In fact, for a distribution $u$, the Fourier transform is not defined as for nice functions, but rather,
$$
\mathcal F(u)(\phi)=u(\mathcal F\phi),
$$
i.e. the Fourier transform of the distribution $u$, when acting on a test function is defined to be the distribution we get when $u$ is acting on the (ordinary) Fourier transform of the test function $\phi$.
It is practical to write things like $\int f(x)\delta_{x_0}\,dx=f(x_0)$ and so on, since many laws of calculation agree with the ones for integrals, but one should be careful, since that integral is not an integral in the ordinary sense. It might be better, in that particular case, to write $\delta_{x_0}(f)=f(x_0)$ and avoid integrals if one is confused about them.
A: Yes, the $δ$ being a distribution and not a function is the problem. To be pedantic, one does not even define $δ(x)$ for $x∈\Bbb R$, i.e. we refrain from allowing the evaluation of $δ$ at $x$. Instead, we define $\delta$ based on how it 'integrates against functions'. 
This is motivated by the fact that for (some of) the purposes of fourier analysis, it is not $g(x)$ we are concerned about, but rather $⟨g, · ⟩$,  how it acts when you integrate against a (nice) function,
$$⟨g,f⟩ := ∫_ℝ  g(x) f(x) \ dx$$
So we make the definition in analogy,
$$⟨ δ, f⟩ := \delta(f) := f(0)$$
Which completely circumvents trying to integrate $δ$.
We also define the Fourier transform by analogy with the situation with nice functions,
$$⟨\mathcal{F}δ , f⟩ := ⟨ δ, \mathcal{F}f⟩ $$
With this definition one can prove that $\mathcal{F}\delta = 1$, 
$$⟨\mathcal{F}δ , f⟩ = ⟨ δ, \mathcal{F}f⟩ = \mathcal{F}f(0) = ∫f(x) \ dx = ⟨ 1,f ⟩ $$
Similarly, $\mathcal{F}1=δ$, which in a sense, answers 2.
But we can abusively write $δ(x) = \lim f_n(x)$ for (e.g) the rescaled normal densities that 'tend to 'δ' (there is a precise definition of this), and in this sense we do have $δ(x) = ∞ \Bbb 1_{x}$.

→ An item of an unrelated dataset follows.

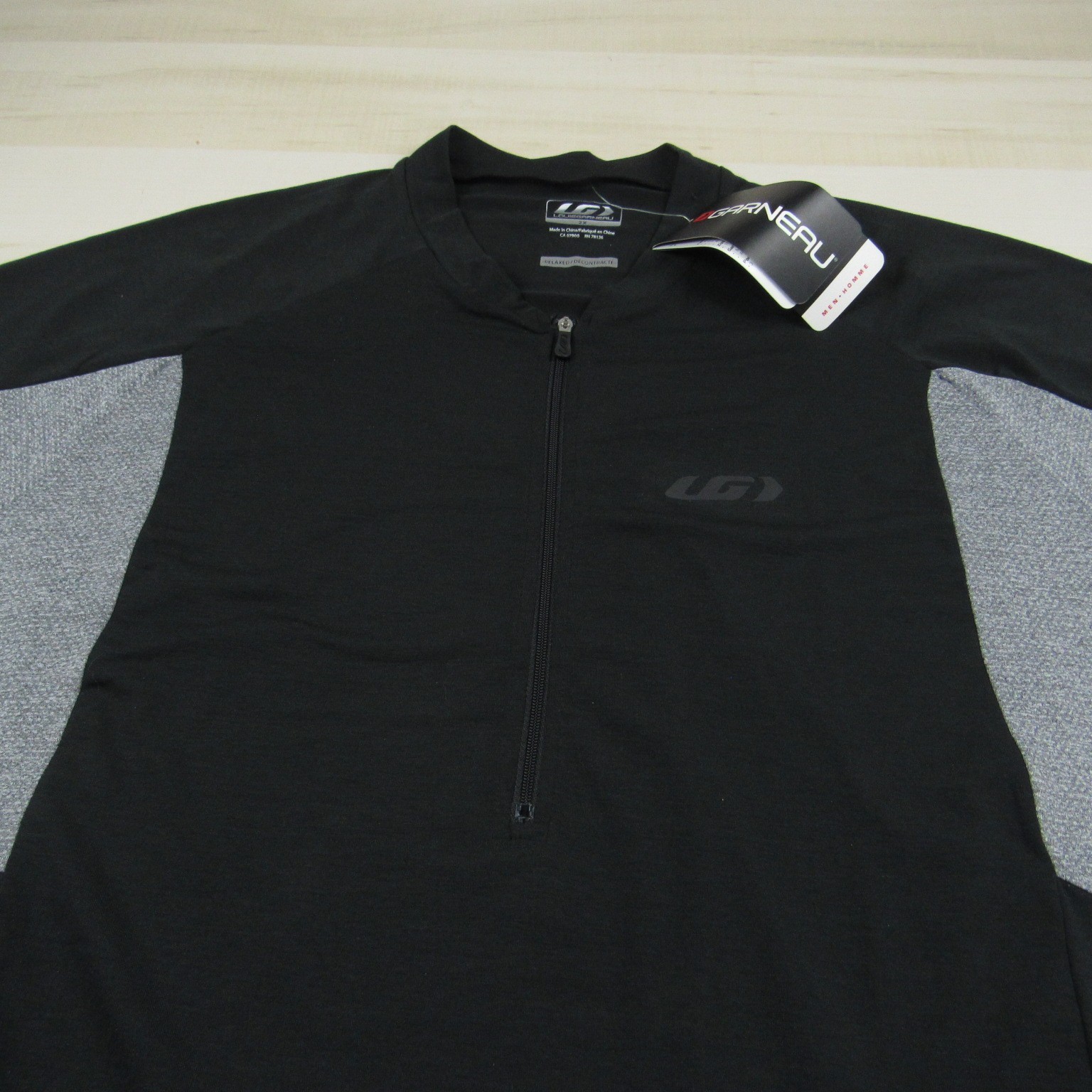 Louis Garneu Cycling Jersey Mens 2XL XXL Black Gray Shirt Zip Bicycle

If you know measure theory, it turns out that signed measures give rise to distributions in a natural way, and the $δ$ distribution is also given by a measure, the dirac delta measure,
$$ δ(A) = \begin{cases} 1 & 0∈ A \\ 0 & 0\not\in{} A\end{cases}$$
and in this sense, we can actually write this as a (Lebesgue) integral,
$$⟨δ,f⟩ = ∫_ℝ f(x) dδ(x) $$